Task objective » Would you return exactly the lines from the top of the data below through the one containing "Young man walking", leaving out the pictures?

● ● ● ●

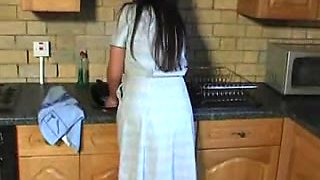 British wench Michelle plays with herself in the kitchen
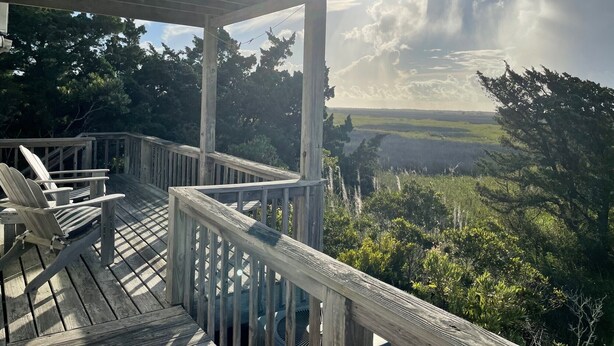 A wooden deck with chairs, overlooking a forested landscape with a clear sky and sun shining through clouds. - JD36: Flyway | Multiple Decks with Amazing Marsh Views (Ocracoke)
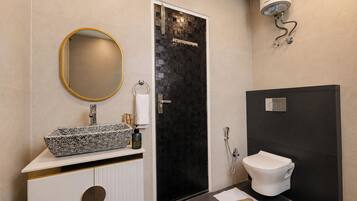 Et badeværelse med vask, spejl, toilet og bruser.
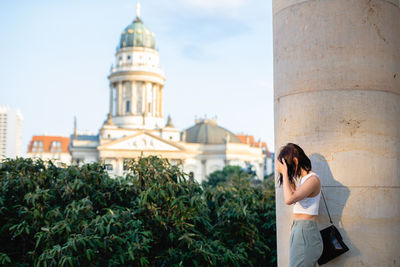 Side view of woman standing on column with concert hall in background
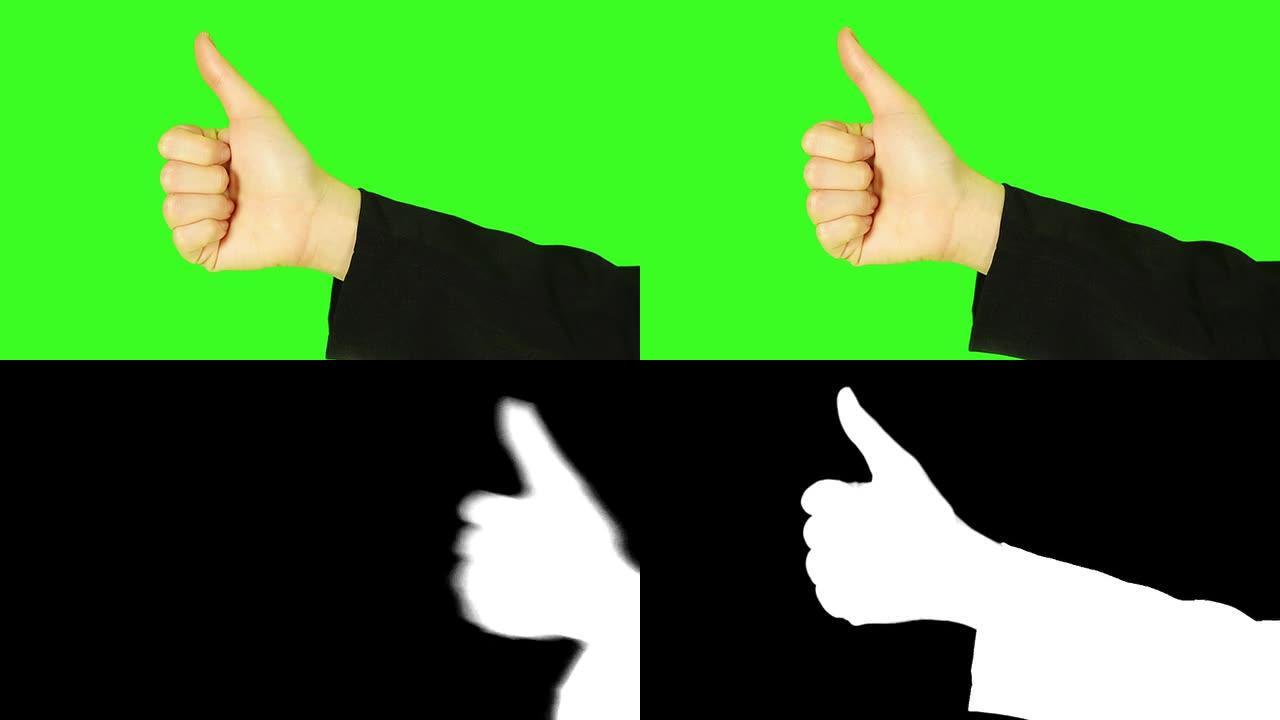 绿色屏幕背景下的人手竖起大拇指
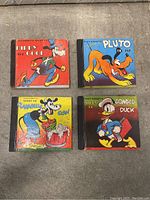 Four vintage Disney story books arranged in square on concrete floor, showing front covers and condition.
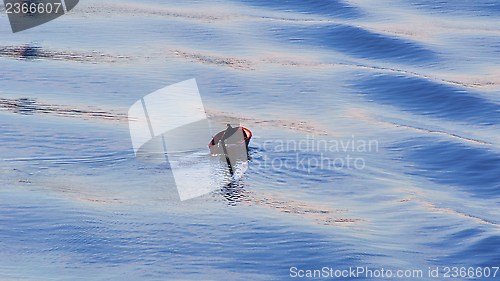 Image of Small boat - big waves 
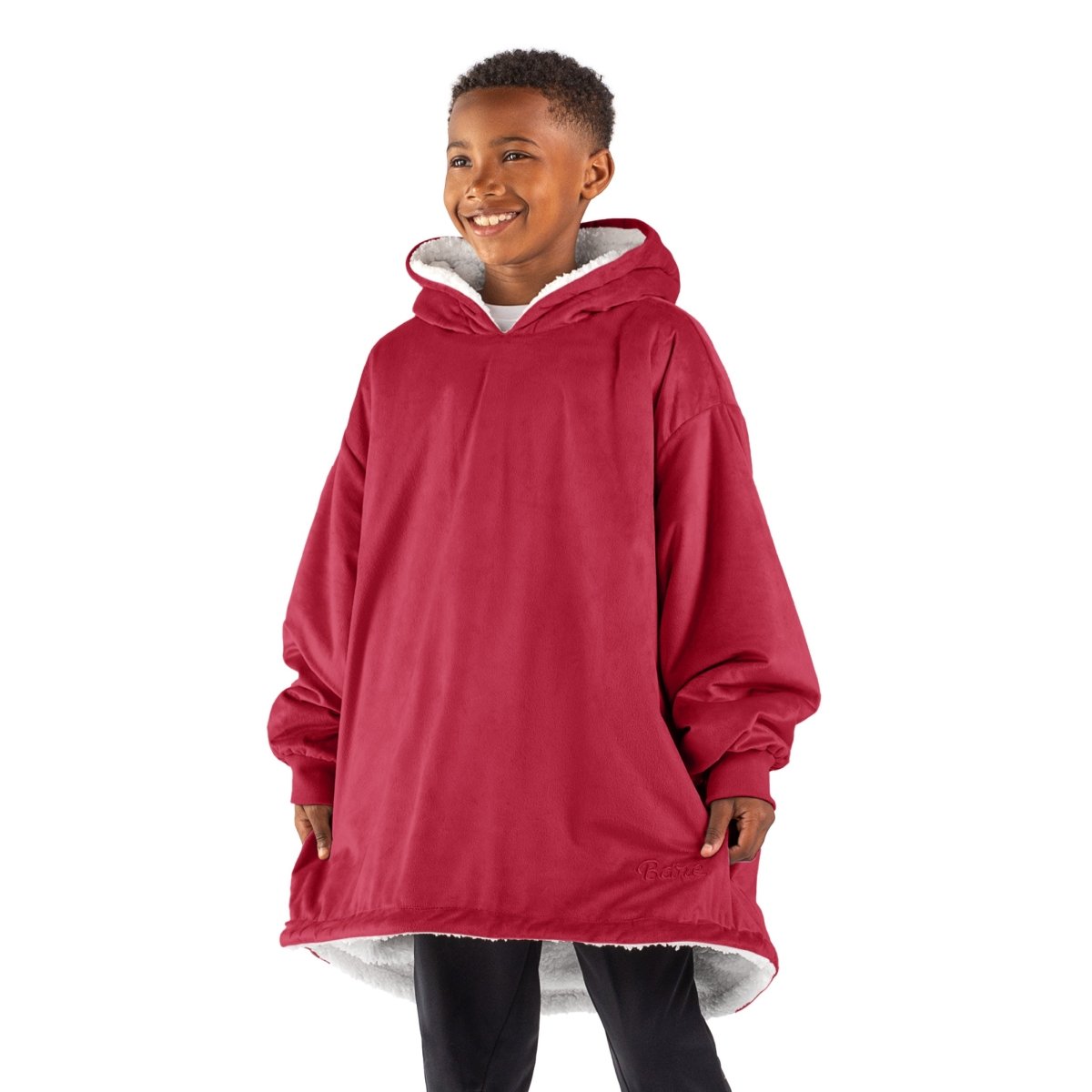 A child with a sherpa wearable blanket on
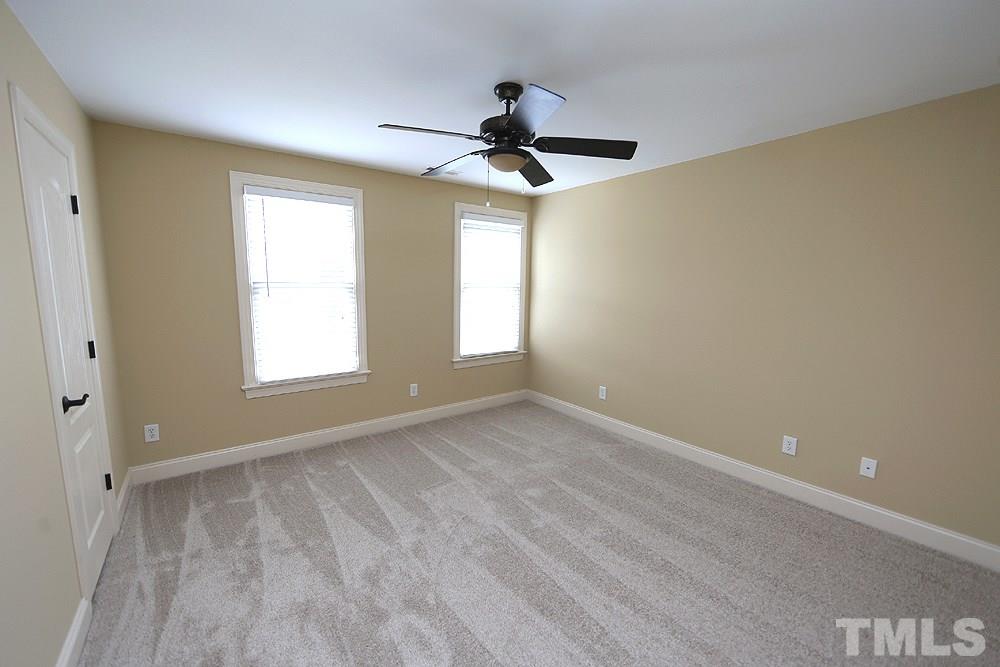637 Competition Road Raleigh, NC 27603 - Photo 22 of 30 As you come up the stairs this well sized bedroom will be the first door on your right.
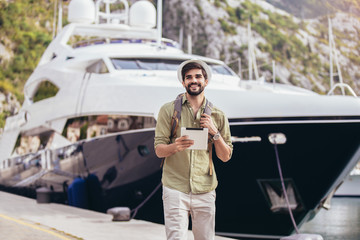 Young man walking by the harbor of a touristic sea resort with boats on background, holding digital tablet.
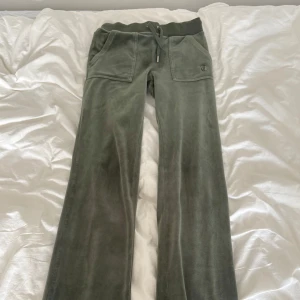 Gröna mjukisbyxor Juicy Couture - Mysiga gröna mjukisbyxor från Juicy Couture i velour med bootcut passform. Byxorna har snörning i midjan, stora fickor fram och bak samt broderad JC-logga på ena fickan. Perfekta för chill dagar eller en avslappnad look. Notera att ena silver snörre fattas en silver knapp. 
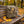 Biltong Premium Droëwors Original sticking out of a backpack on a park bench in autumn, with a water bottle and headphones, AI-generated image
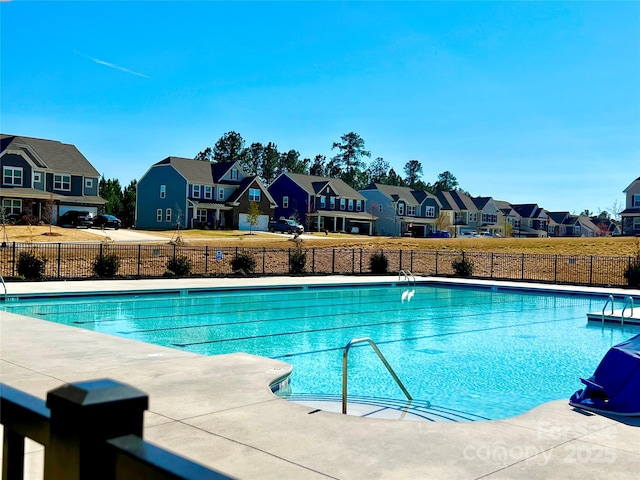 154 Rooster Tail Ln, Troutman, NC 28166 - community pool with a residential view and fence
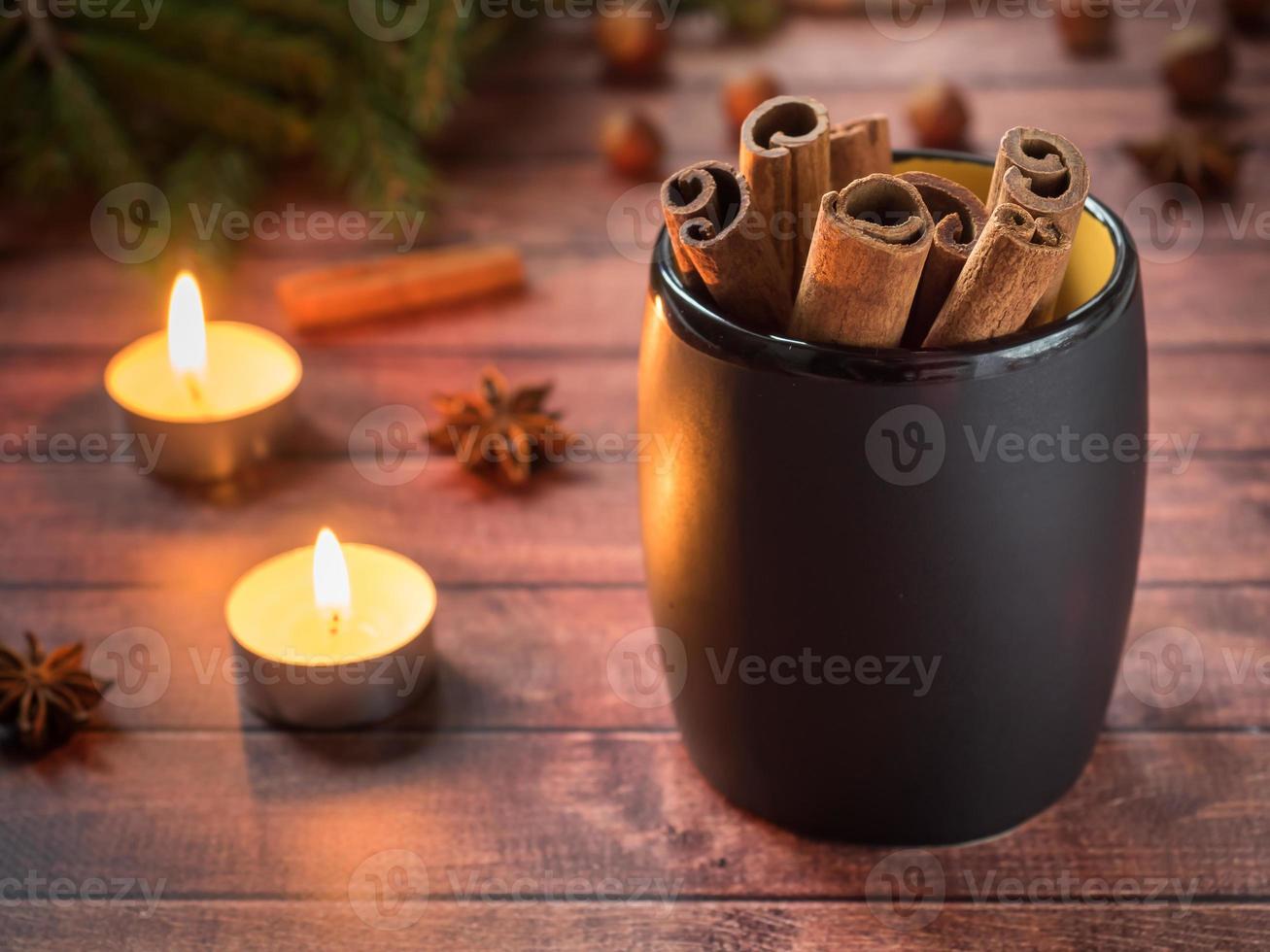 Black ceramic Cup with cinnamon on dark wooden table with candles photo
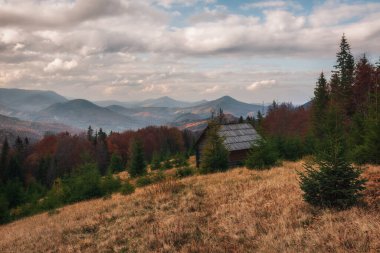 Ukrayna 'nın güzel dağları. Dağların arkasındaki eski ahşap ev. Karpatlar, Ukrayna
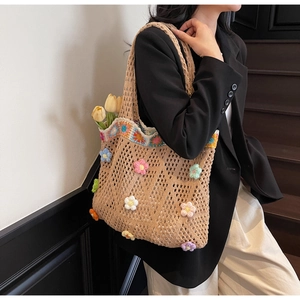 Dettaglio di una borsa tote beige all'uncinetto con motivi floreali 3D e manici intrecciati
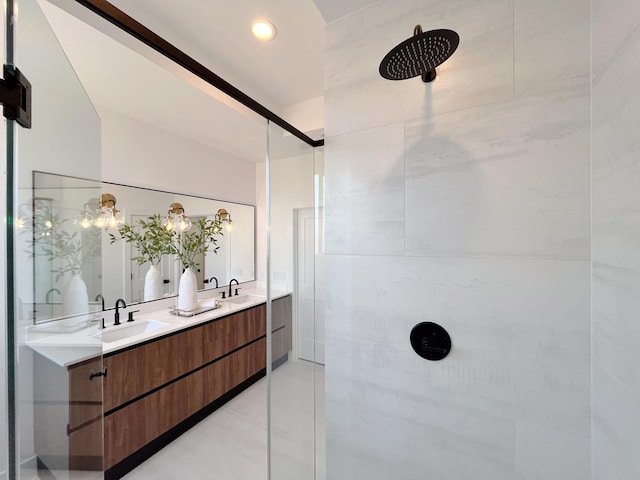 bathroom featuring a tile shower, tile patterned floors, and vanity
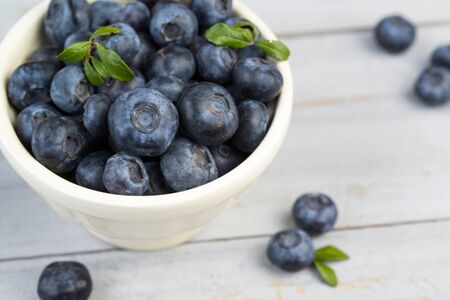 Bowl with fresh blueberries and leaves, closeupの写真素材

● ● ● ●

Answer section »
 British wench Michelle plays with herself in the kitchen
 A wooden deck with chairs, overlooking a forested landscape with a clear sky and sun shining through clouds. - JD36: Flyway | Multiple Decks with Amazing Marsh Views (Ocracoke)
 Et badeværelse med vask, spejl, toilet og bruser.
 Side view of woman standing on column with concert hall in background
 绿色屏幕背景下的人手竖起大拇指
 Four vintage Disney story books arranged in square on concrete floor, showing front covers and condition.
 Image of Small boat - big waves 
 A child with a sherpa wearable blanket on
637 Competition Road Raleigh, NC 27603 - Photo 22 of 30 As you come up the stairs this well sized bedroom will be the first door on your right.
 Young man walking by the harbor of a touristic sea resort with boats on background, holding digital tablet.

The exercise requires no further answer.